:: Material for this task ::
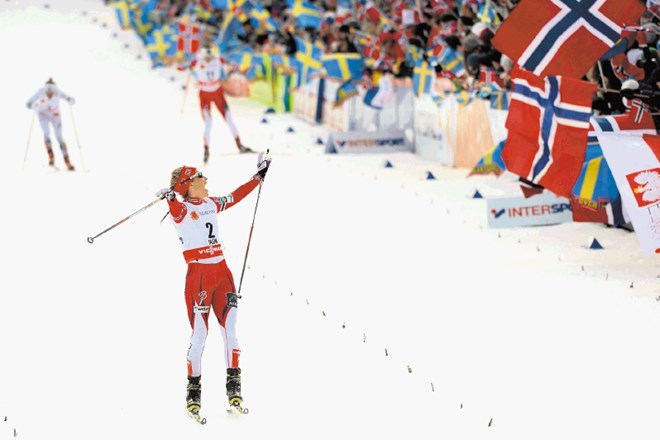Norvežanka Therese Johaug je zmagala v dvojnem zasledovanju. 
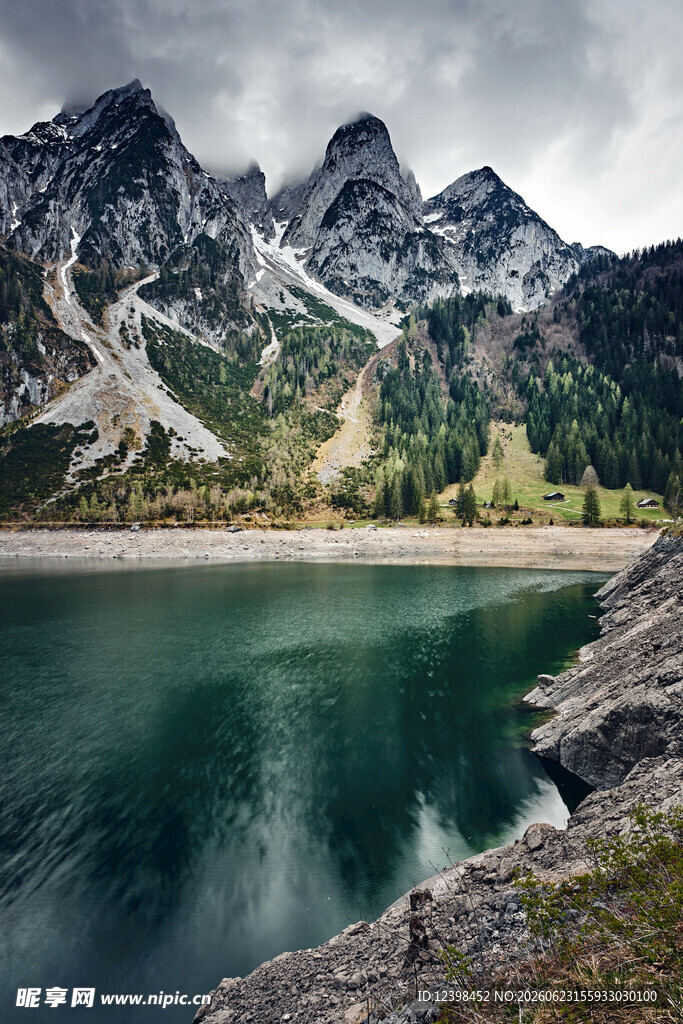 高山湖泊壮丽自然景观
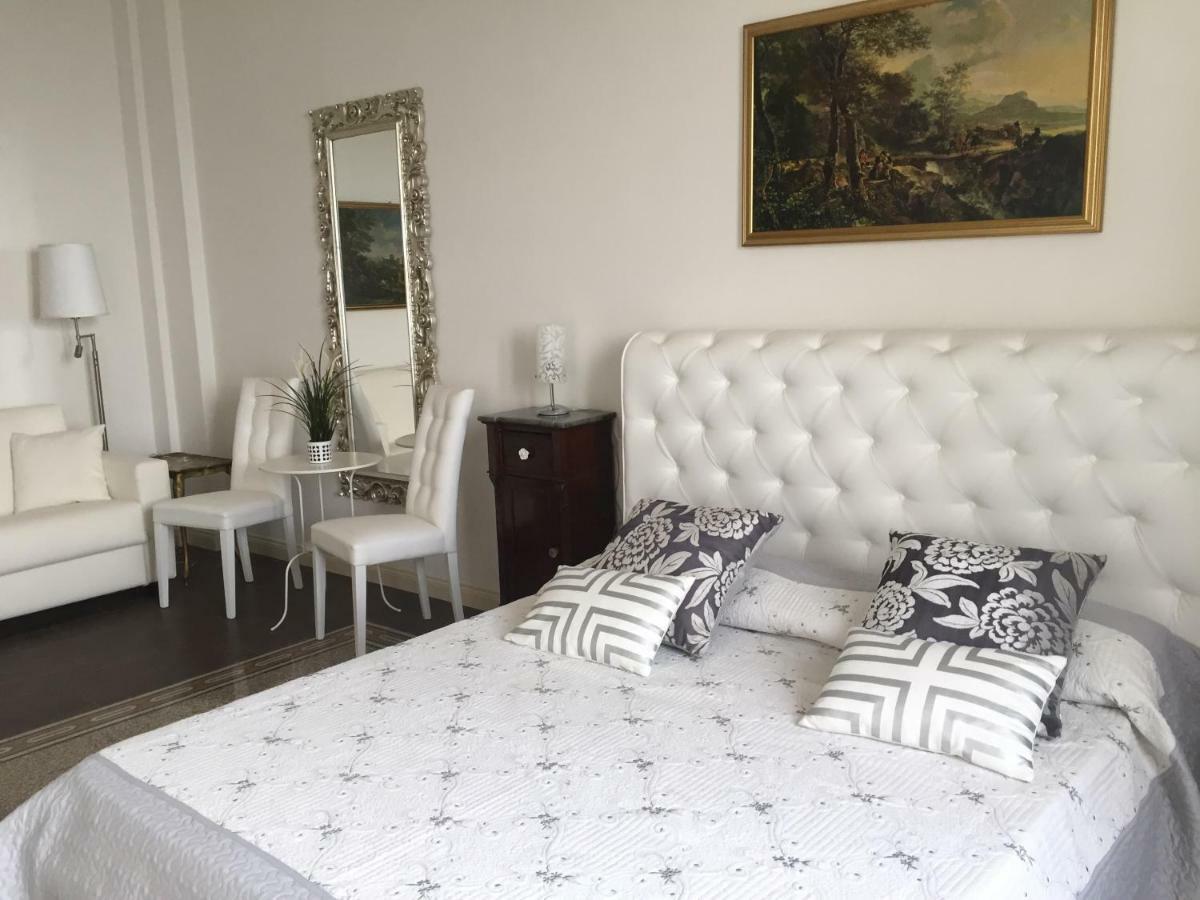 B&B Di Mare E D'Azzurro Salerno Exteriér fotografie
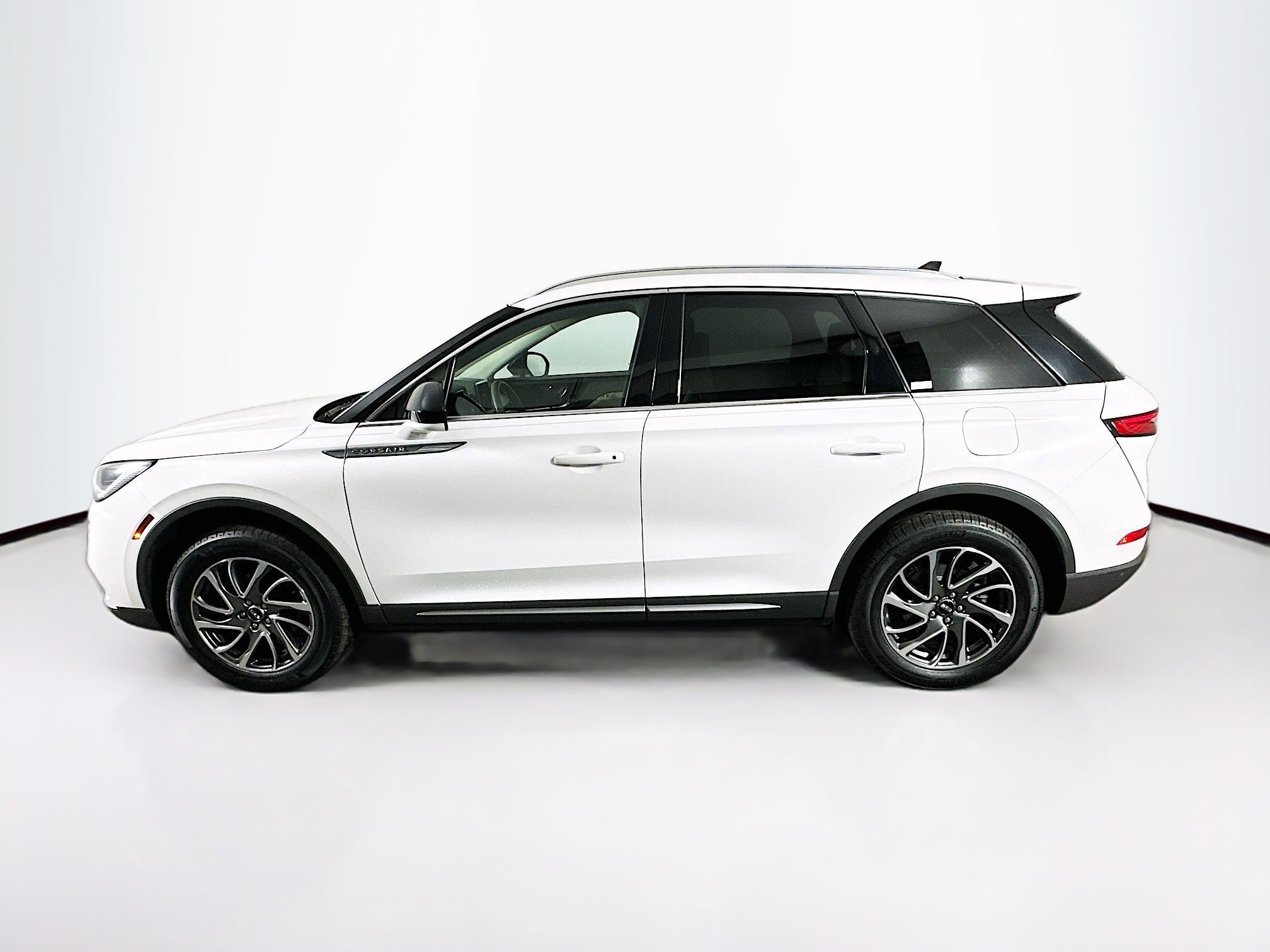 Used 2022 Lincoln Corsair AWD w/ Equipment Group 101A image 4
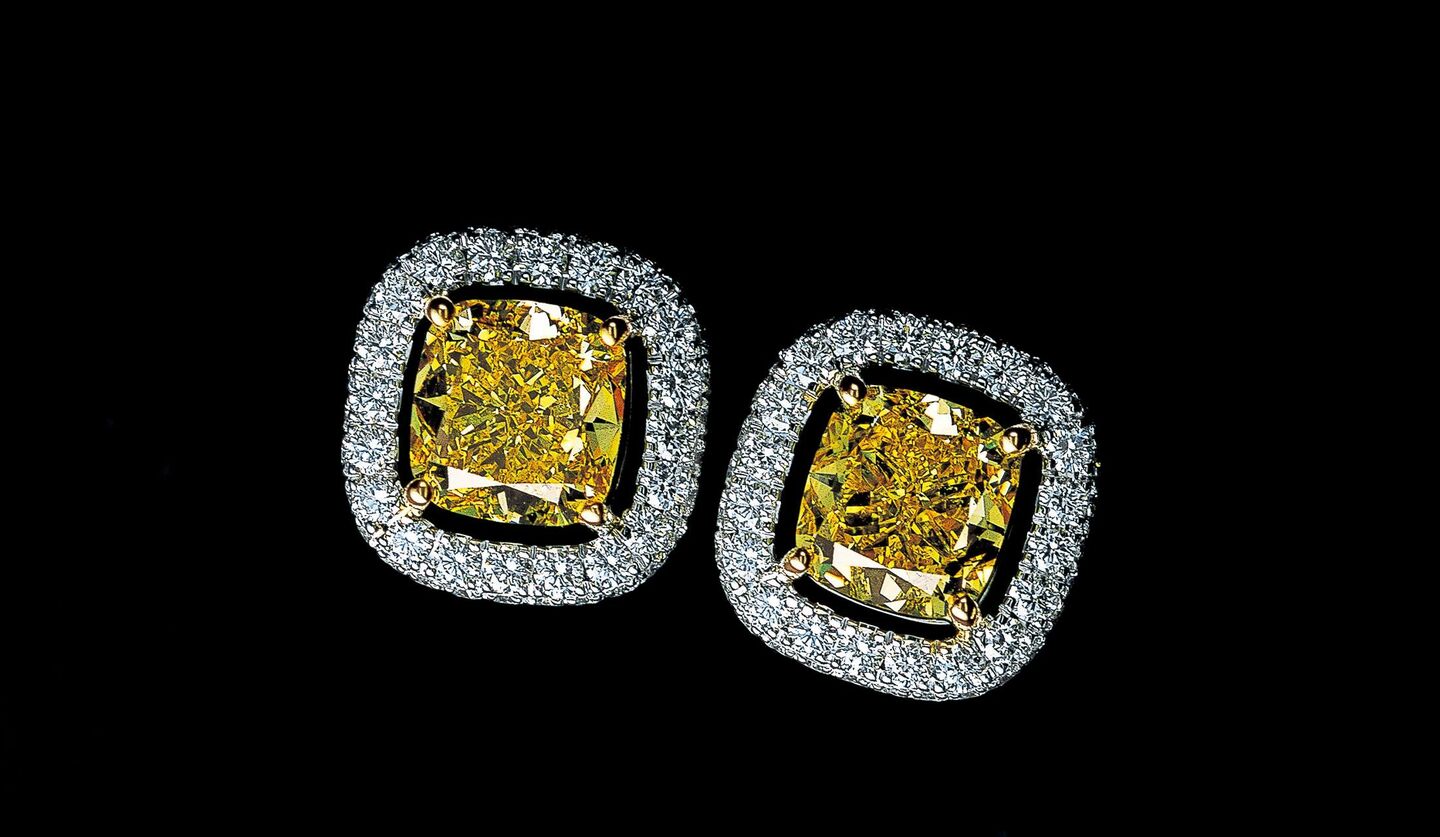 グラフ『イエローダイヤモンド』ピアス｜「繁栄をもたらす」とされる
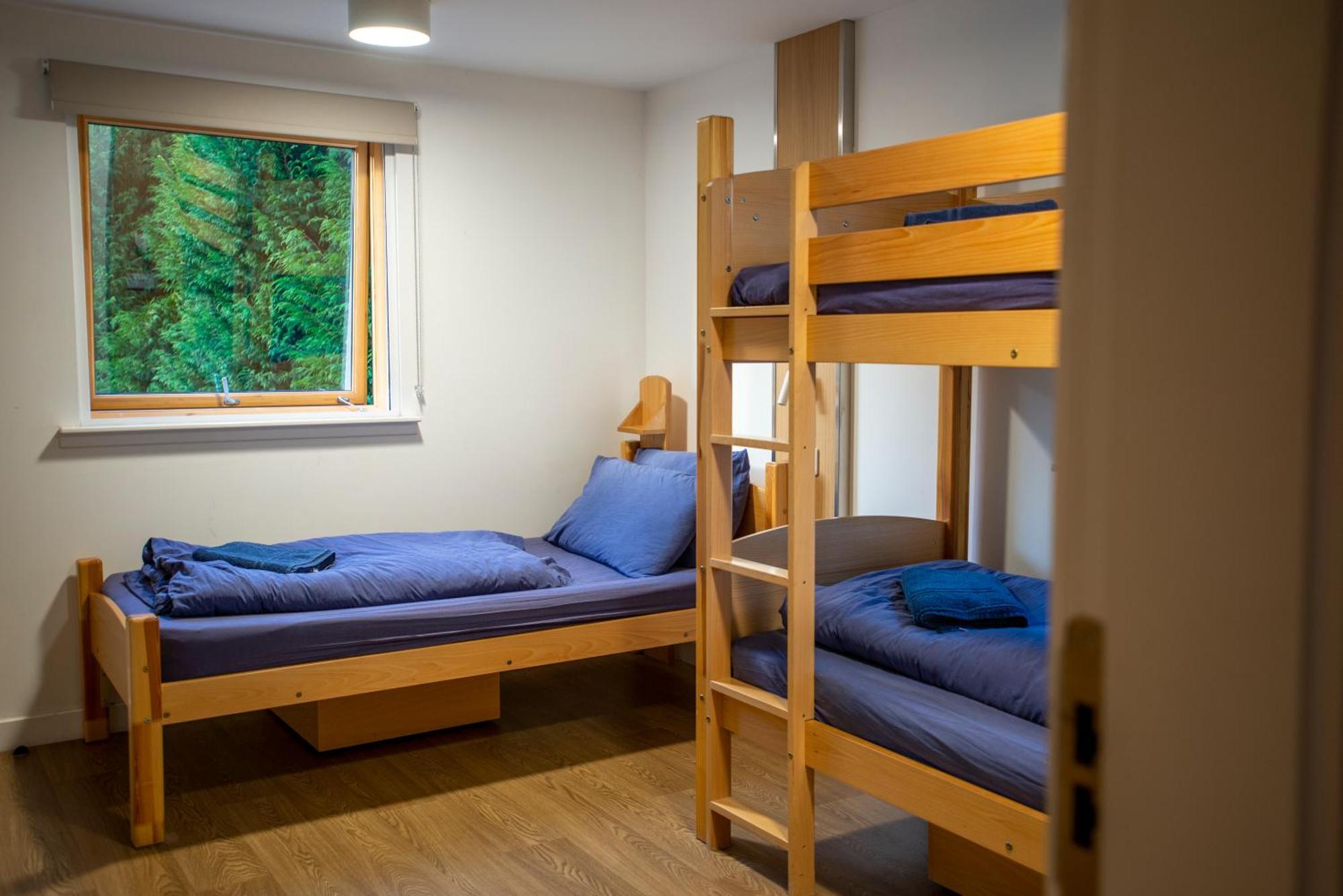 Glen Nevis Youth Hostel Fort William Exterior photo A bunk room at a hostel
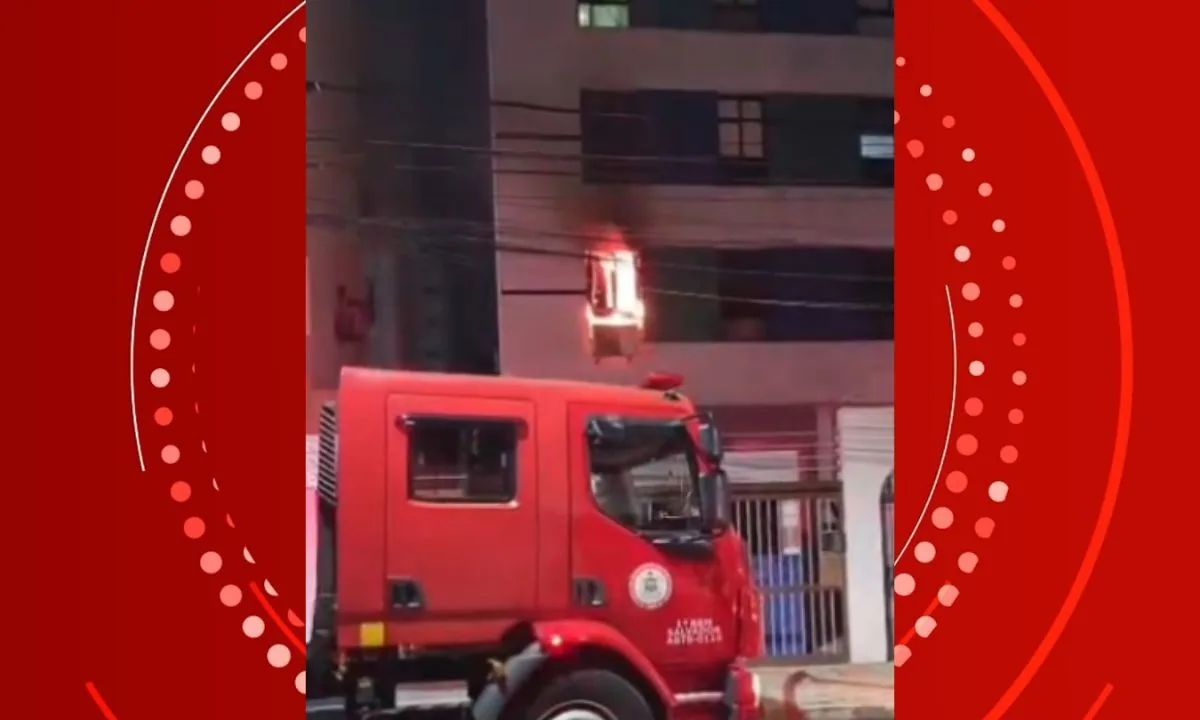Incêndio atinge apartamento no bairro do Costa Azul, em Salvador
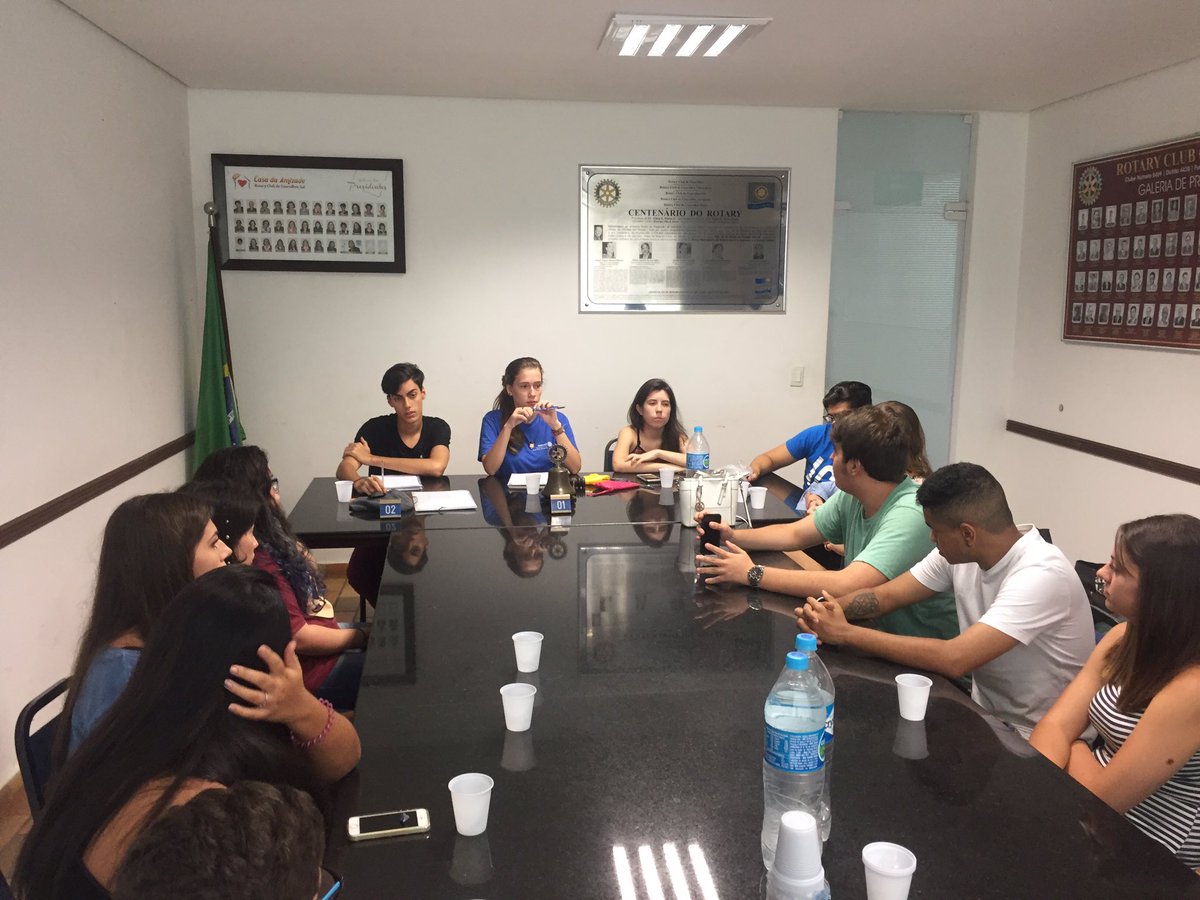 splgus's tweet image. Hoje foi minha última reunião no ic 😢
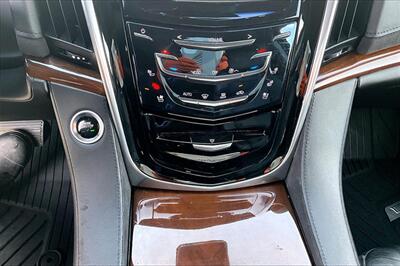 2020 Cadillac Escalade ESV Premium Luxury - Photo 24 - Rock Springs, WY 82901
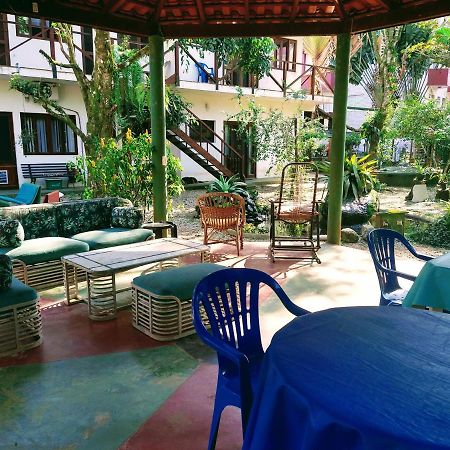 Lindas Suites A Uma Quadra Da Praia E Centro Ubatuba Exterior photo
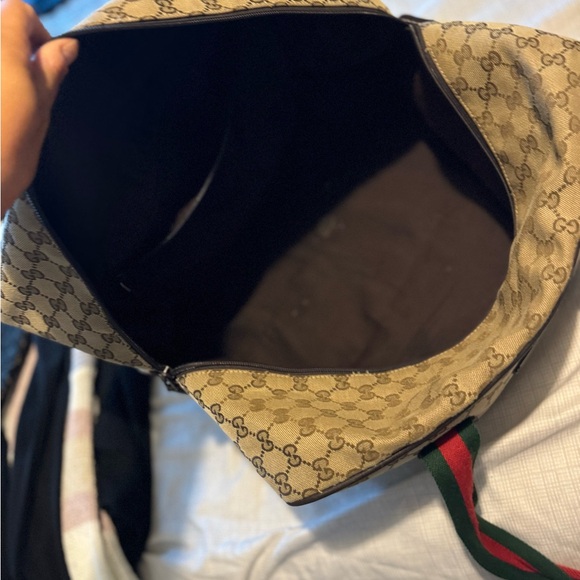 Authentic Gucci duffel bag - Picture 6 of 8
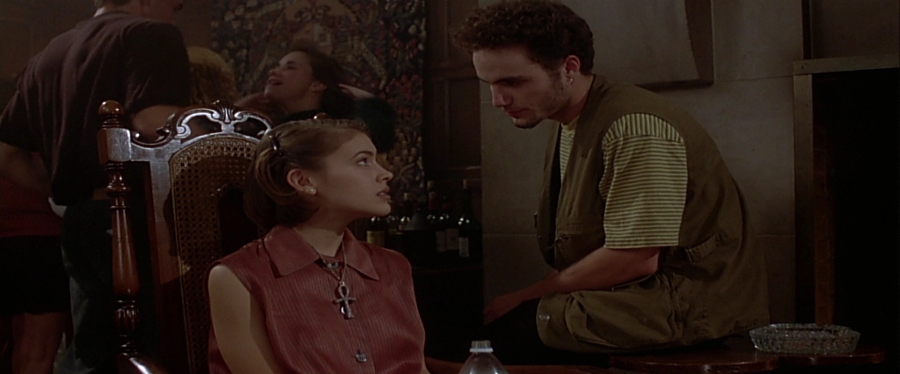 charmed-online-dot-net_EmbraceOfTheVampire1814.jpg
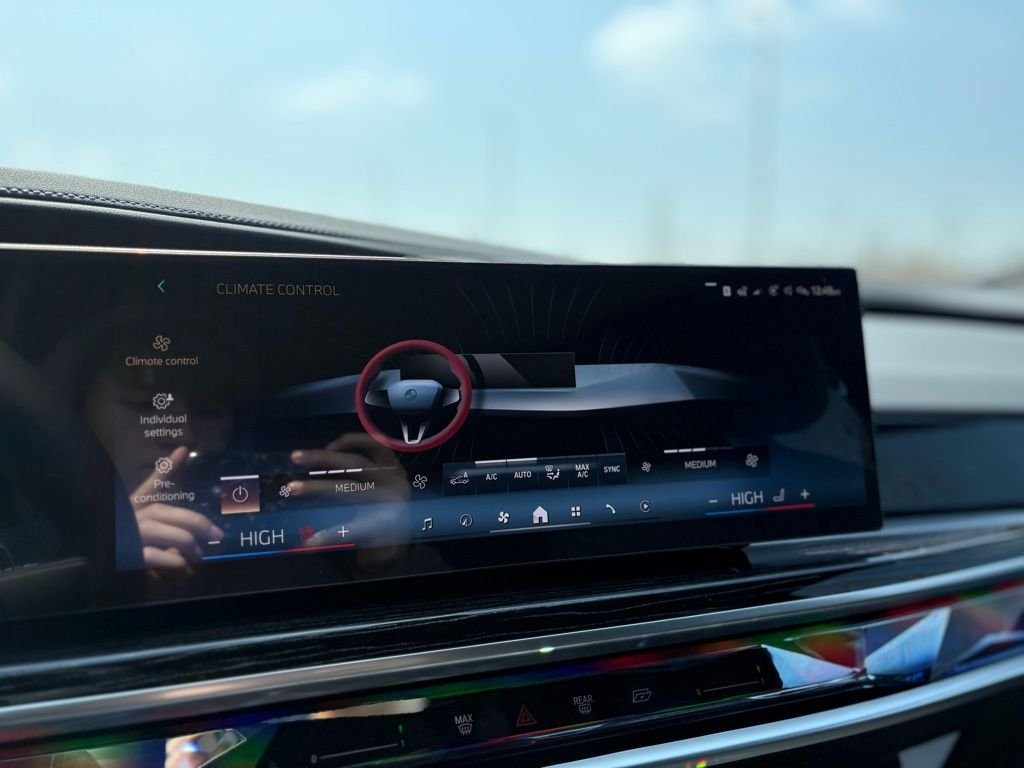 2025 BMW 7 Series 760i - Photo 10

:: Exercise ::
Reproduce exactly, and only, the lines from the one with "splgus's tweet image." to the final line of the listing above; the pictures are to be left out.

:: Your response ::
 splgus's tweet image. Hoje foi minha última reunião no ic 😢
 2020 Cadillac Escalade ESV Premium Luxury - Photo 24 - Rock Springs, WY 82901
 Lindas Suites A Uma Quadra Da Praia E Centro Ubatuba Exterior photo
 Authentic Gucci duffel bag - Picture 6 of 8
 charmed-online-dot-net_EmbraceOfTheVampire1814.jpg
 2025 BMW 7 Series 760i - Photo 10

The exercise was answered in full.